§ Task directions:
An acceptable answer repeats exactly the line containing "انصاریان: هیچ مذاکره" and all lines that follow it in the listing below, and it includes no pictures.

§ Extracted entries:

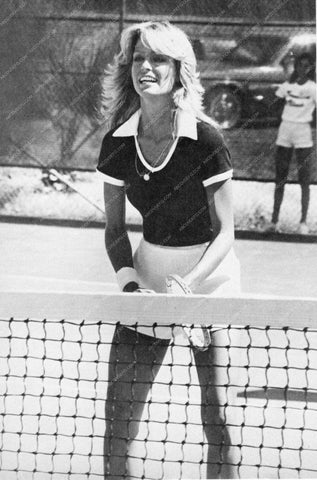beautiful and athletic Farrah Fawcett on the tennis court 8b20-9554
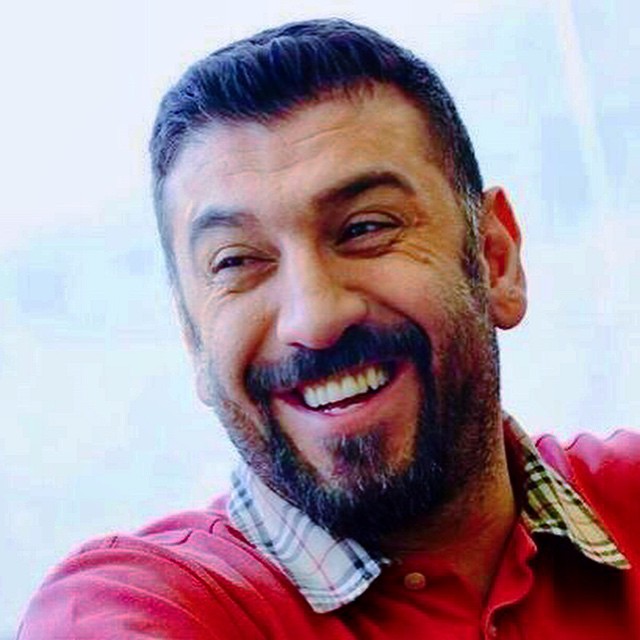 انصاریان: هیچ مذاکره ای با باشگاه نفت نداشته ام/ آرزو می کنم پرسپولیس به مصاف العین برود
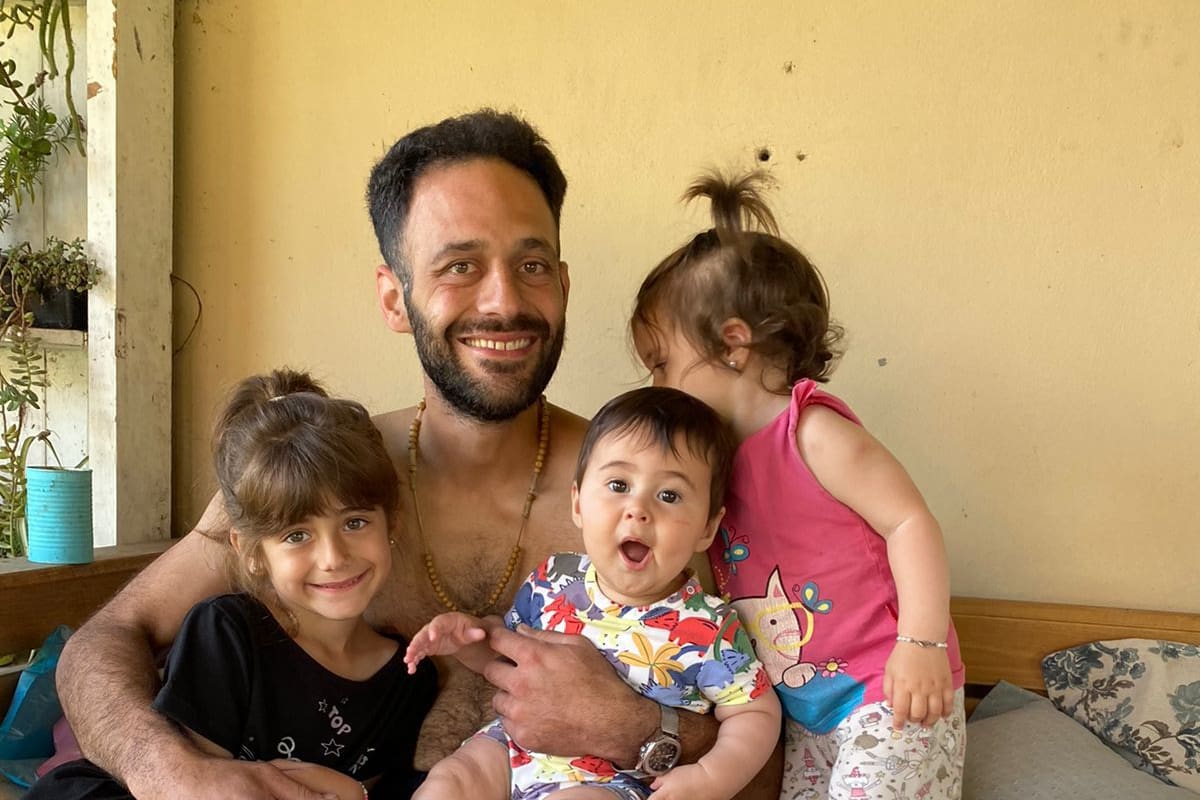 Cristhian Schmidt, de 37 años y padre de dos hijas, necesita un tratamiento para la enfermedad genética degenerativa que padece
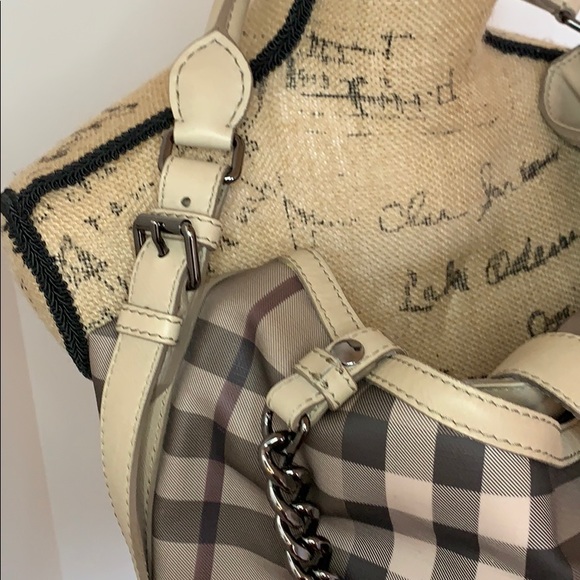 Burberry bucket bag with dustbag and tags - Picture 4 of 14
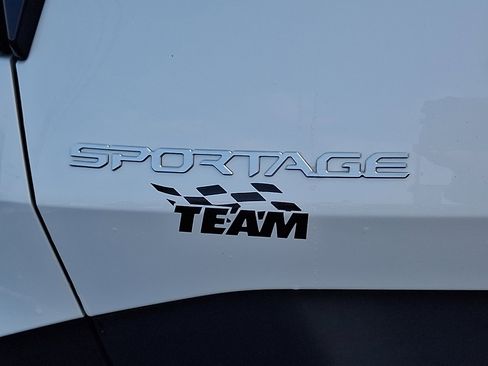 Used 2024 Kia Sportage LX image 33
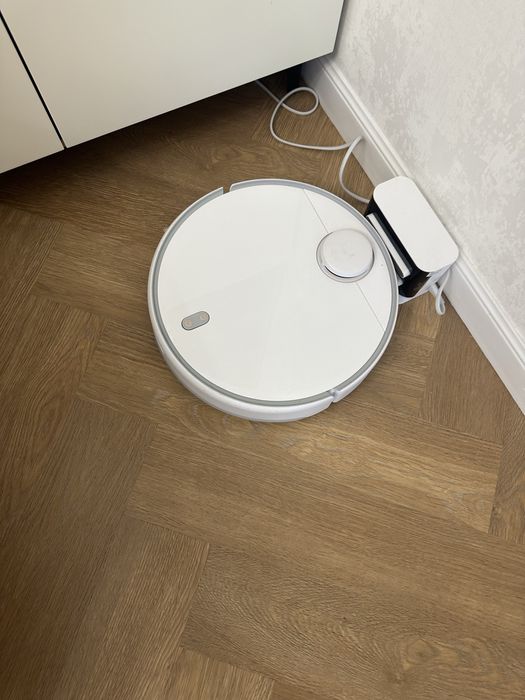 Продам Робот-пылесос Xiaomi Robot Vacuum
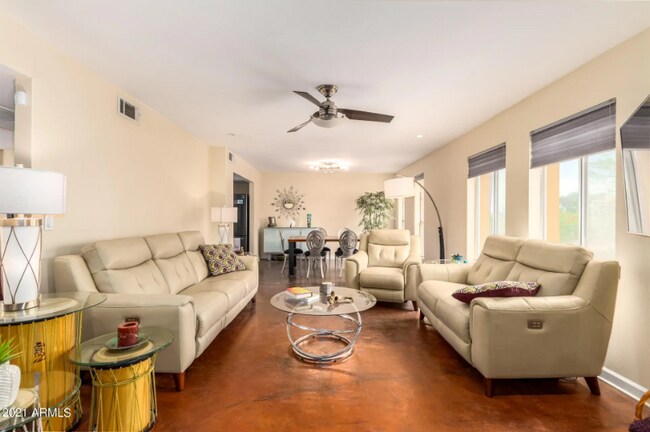 Foto del edificio - 9410 N 36th St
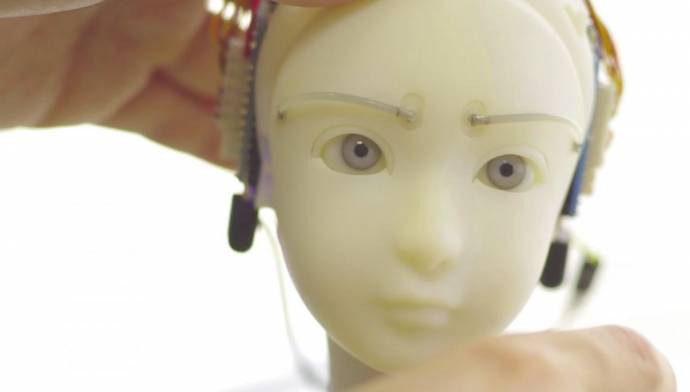 Takayuki Todo: SEER: Simulative Emotional Expression Robot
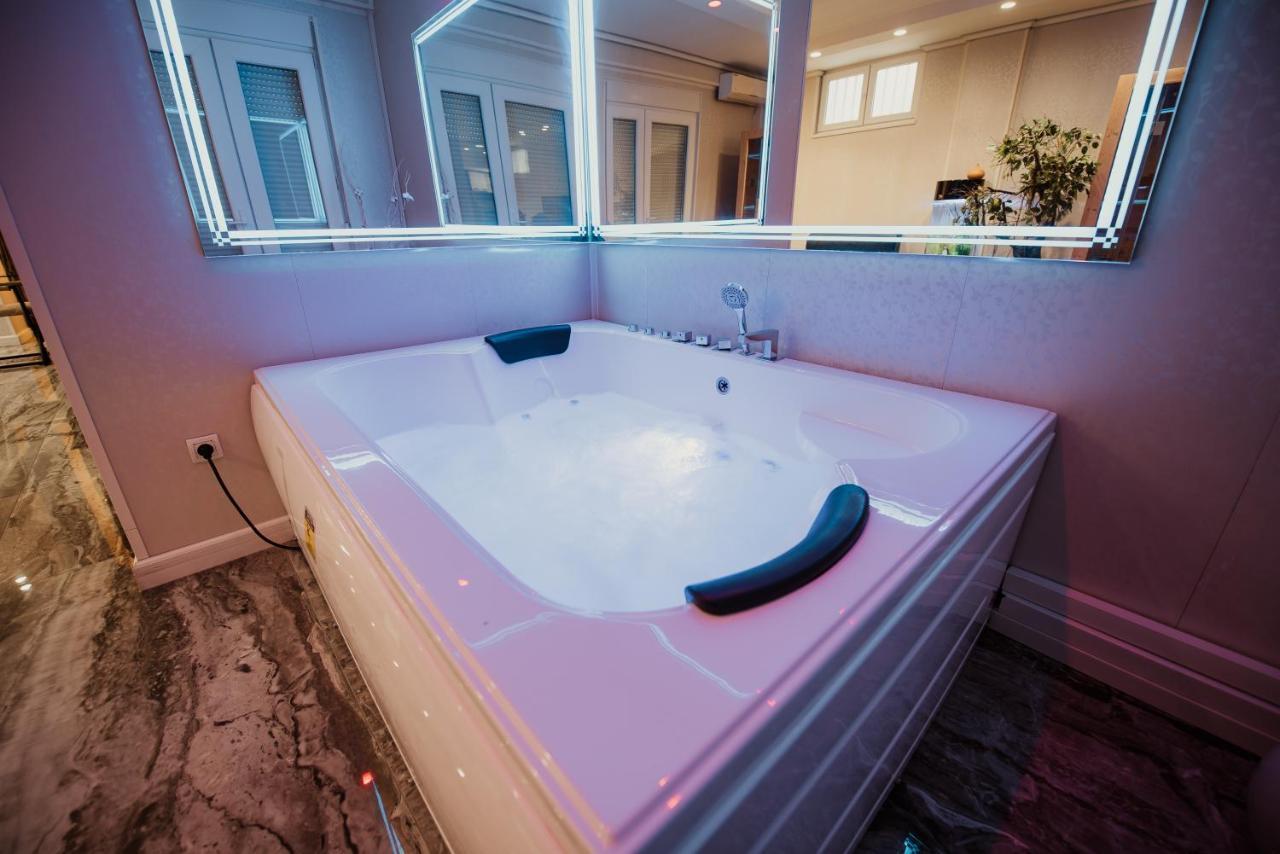 Spa Lux Apartmani نوفي ساد المظهر الخارجي الصورة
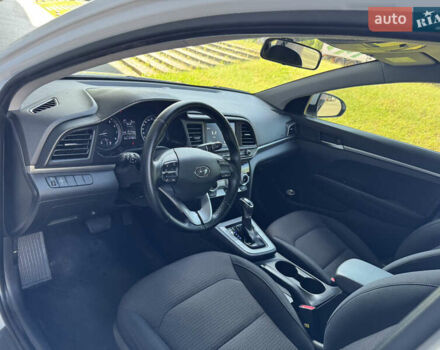 Білий Хендай Елантра, об'ємом двигуна 1.59 л та пробігом 270 тис. км за 12500 $, фото 14 на Automoto.ua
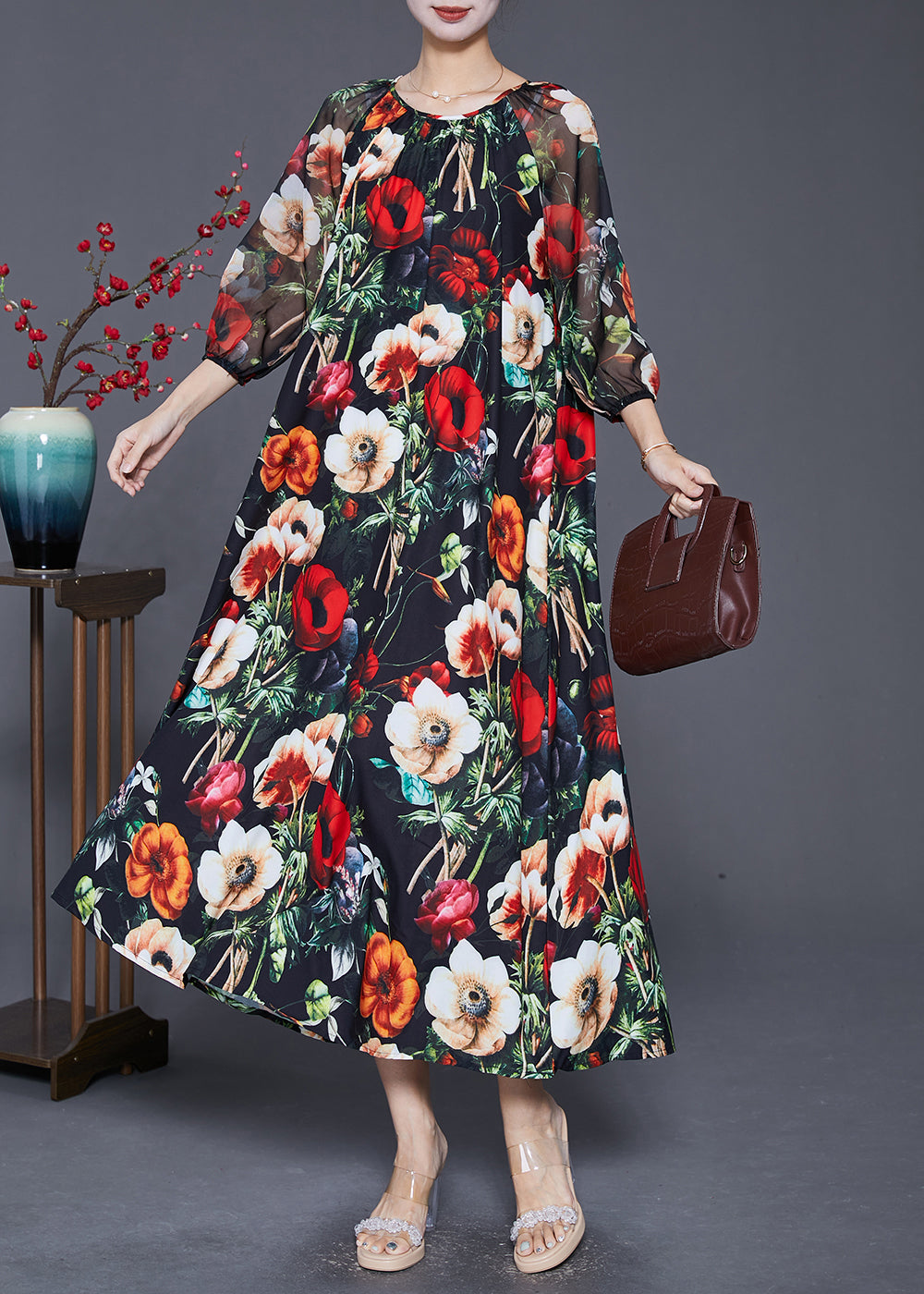 Classic Vintage & Enduringly Stylish Dress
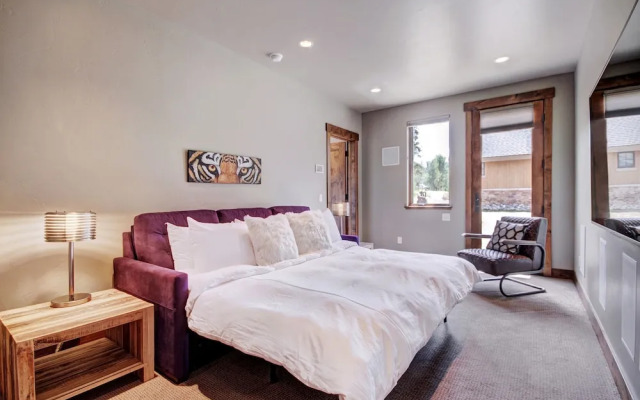 Slope View  3 Bedroom Townhouse by RedAwning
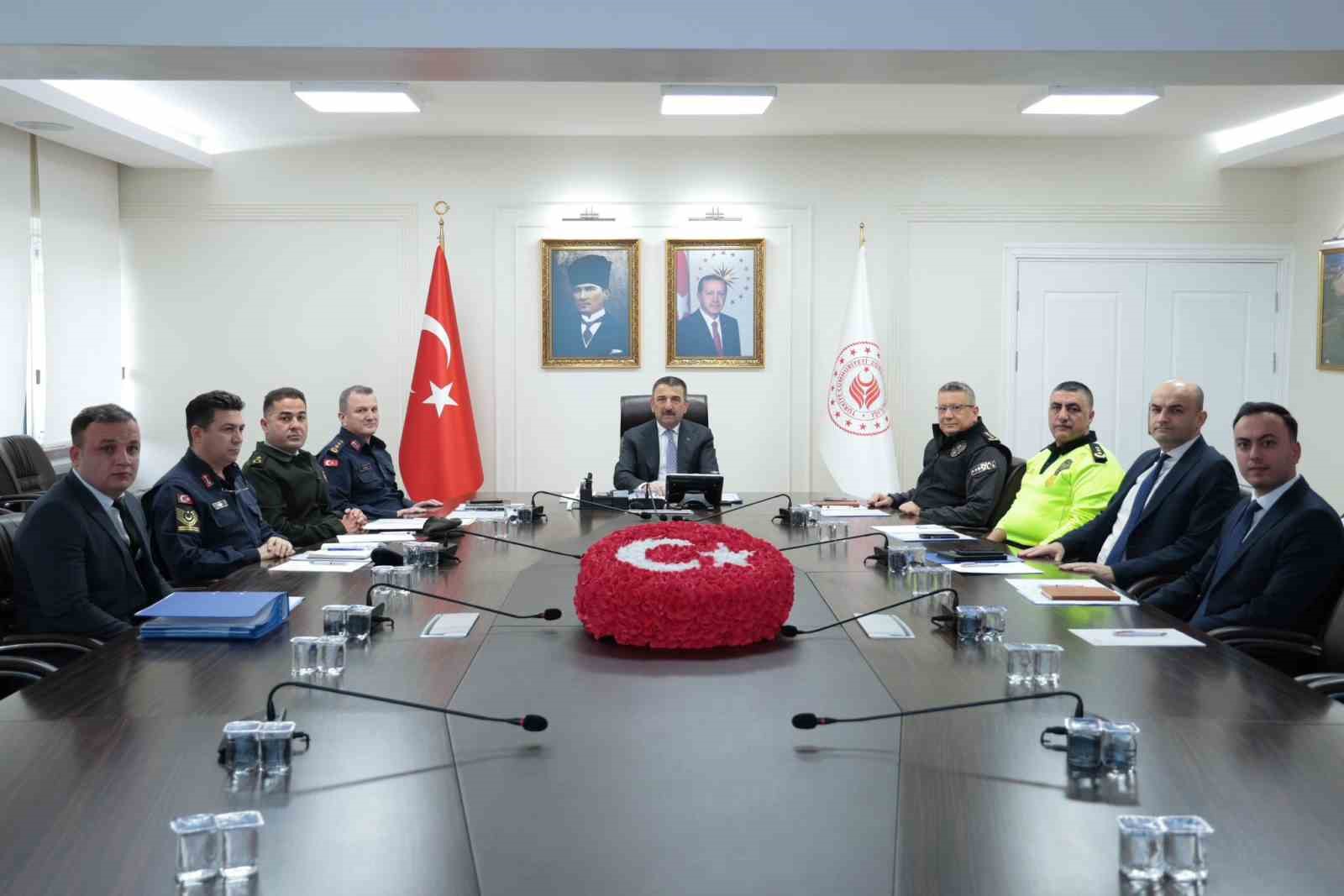 vali hacibektasoglu baskanliginda guvenlik toplantisi yapildi H3iizdwu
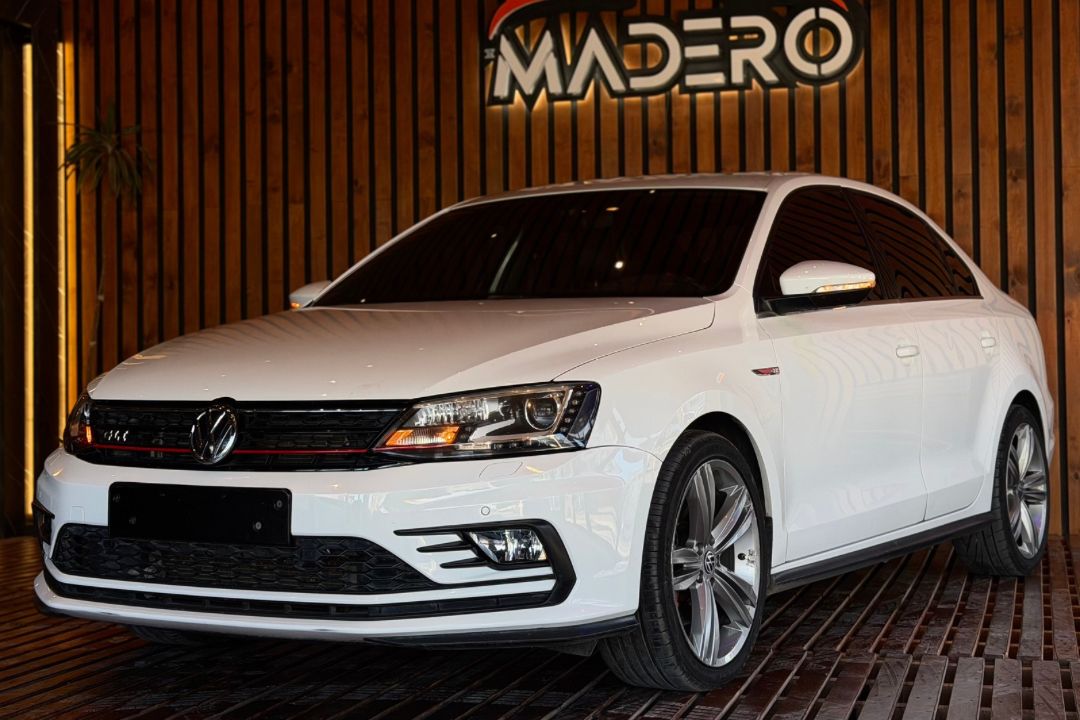 Volkswagen Vento 2018 — foto 1 de 5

§ Answer to the problem:
 انصاریان: هیچ مذاکره ای با باشگاه نفت نداشته ام/ آرزو می کنم پرسپولیس به مصاف العین برود
 Cristhian Schmidt, de 37 años y padre de dos hijas, necesita un tratamiento para la enfermedad genética degenerativa que padece
 Burberry bucket bag with dustbag and tags - Picture 4 of 14
 Used 2024 Kia Sportage LX image 33
 Продам Робот-пылесос Xiaomi Robot Vacuum
 Foto del edificio - 9410 N 36th St
 Takayuki Todo: SEER: Simulative Emotional Expression Robot
 Spa Lux Apartmani نوفي ساد المظهر الخارجي الصورة
 Білий Хендай Елантра, об'ємом двигуна 1.59 л та пробігом 270 тис. км за 12500 $, фото 14 на Automoto.ua
 Classic Vintage & Enduringly Stylish Dress
 Slope View  3 Bedroom Townhouse by RedAwning
 vali hacibektasoglu baskanliginda guvenlik toplantisi yapildi H3iizdwu
 Volkswagen Vento 2018 — foto 1 de 5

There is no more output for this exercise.